**RECORDS SUPPLIED**
=== Begin Enclosure ===

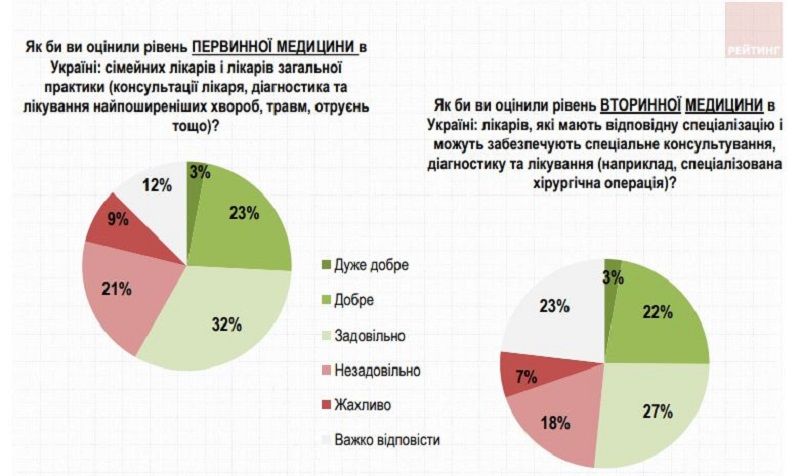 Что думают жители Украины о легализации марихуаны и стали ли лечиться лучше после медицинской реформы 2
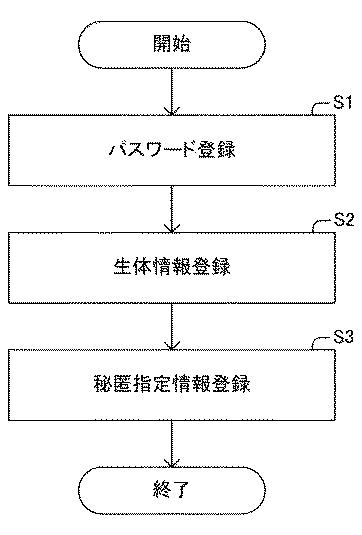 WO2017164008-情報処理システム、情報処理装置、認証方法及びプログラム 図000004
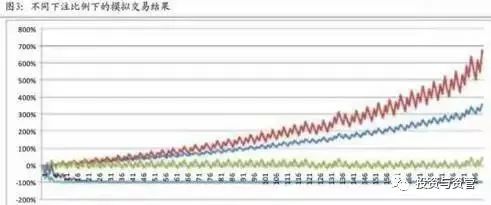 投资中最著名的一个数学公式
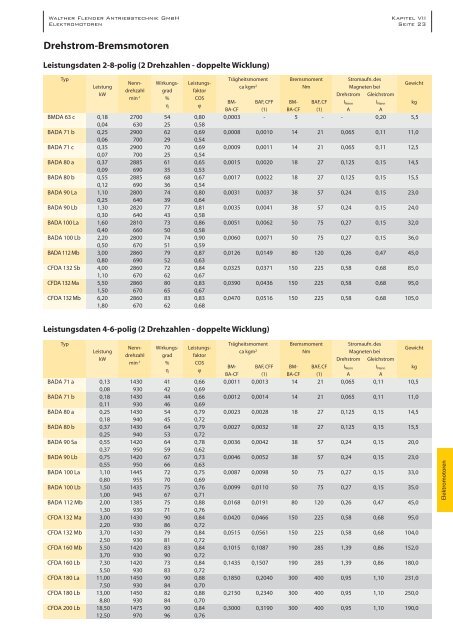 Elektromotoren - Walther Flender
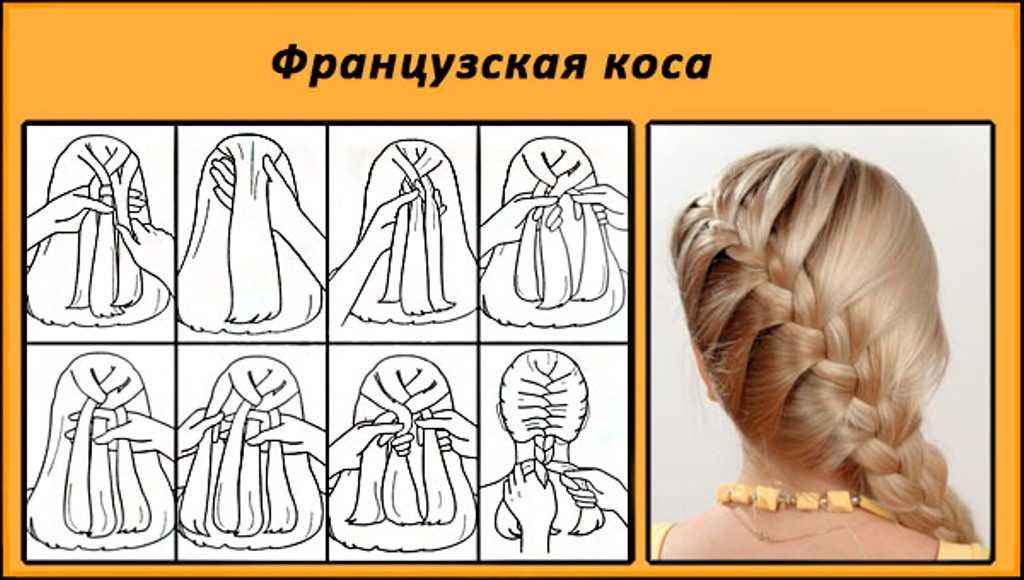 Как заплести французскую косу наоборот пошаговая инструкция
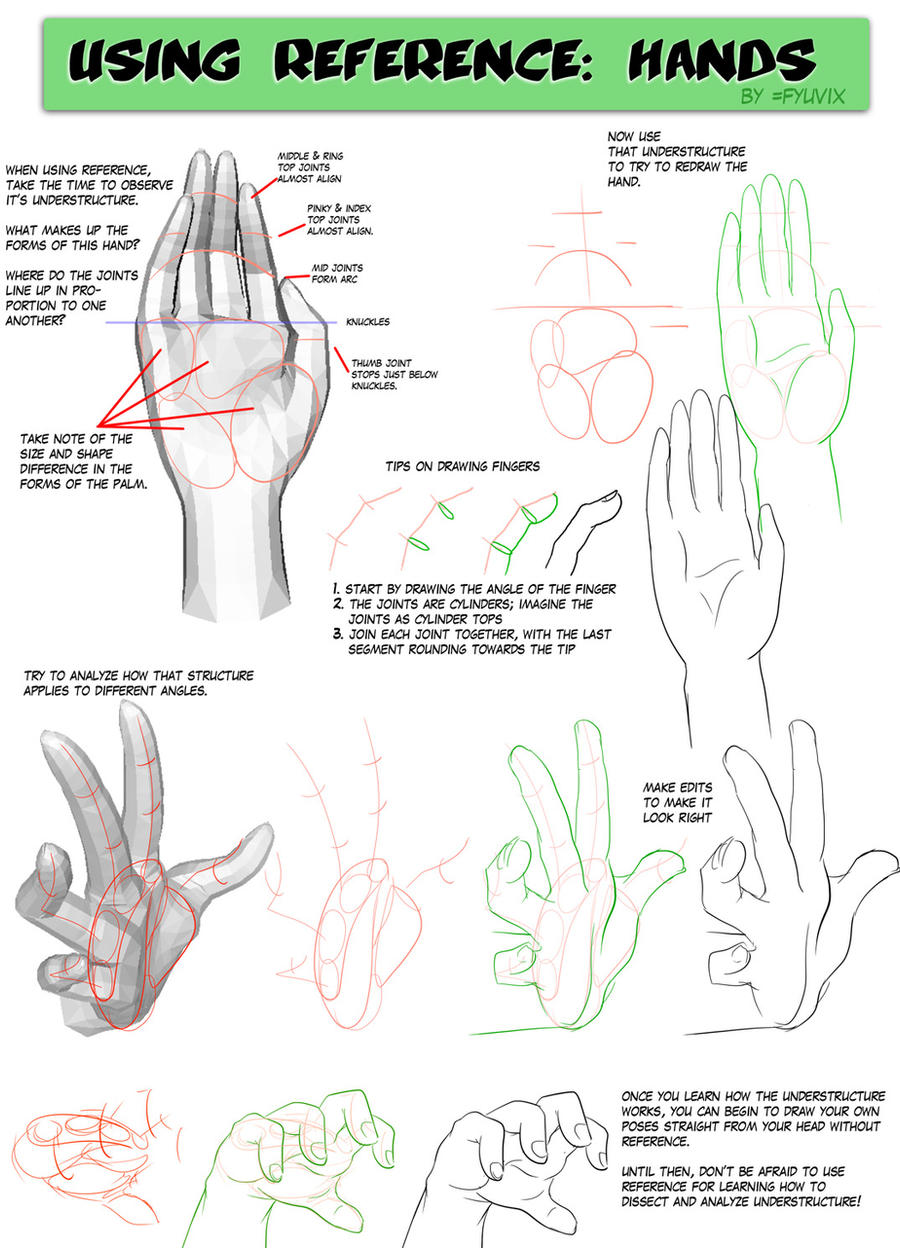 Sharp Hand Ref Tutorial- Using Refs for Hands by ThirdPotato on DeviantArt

=== End Enclosure ===

**TO DO**
Your task is to copy exactly the lines from the line containing "Elektromotoren - Walther Flender" through the final line of the listing above and to omit every picture.

**RESPONSE TO THE TASK**
 Elektromotoren - Walther Flender
 Как заплести французскую косу наоборот пошаговая инструкция
 Sharp Hand Ref Tutorial- Using Refs for Hands by ThirdPotato on DeviantArt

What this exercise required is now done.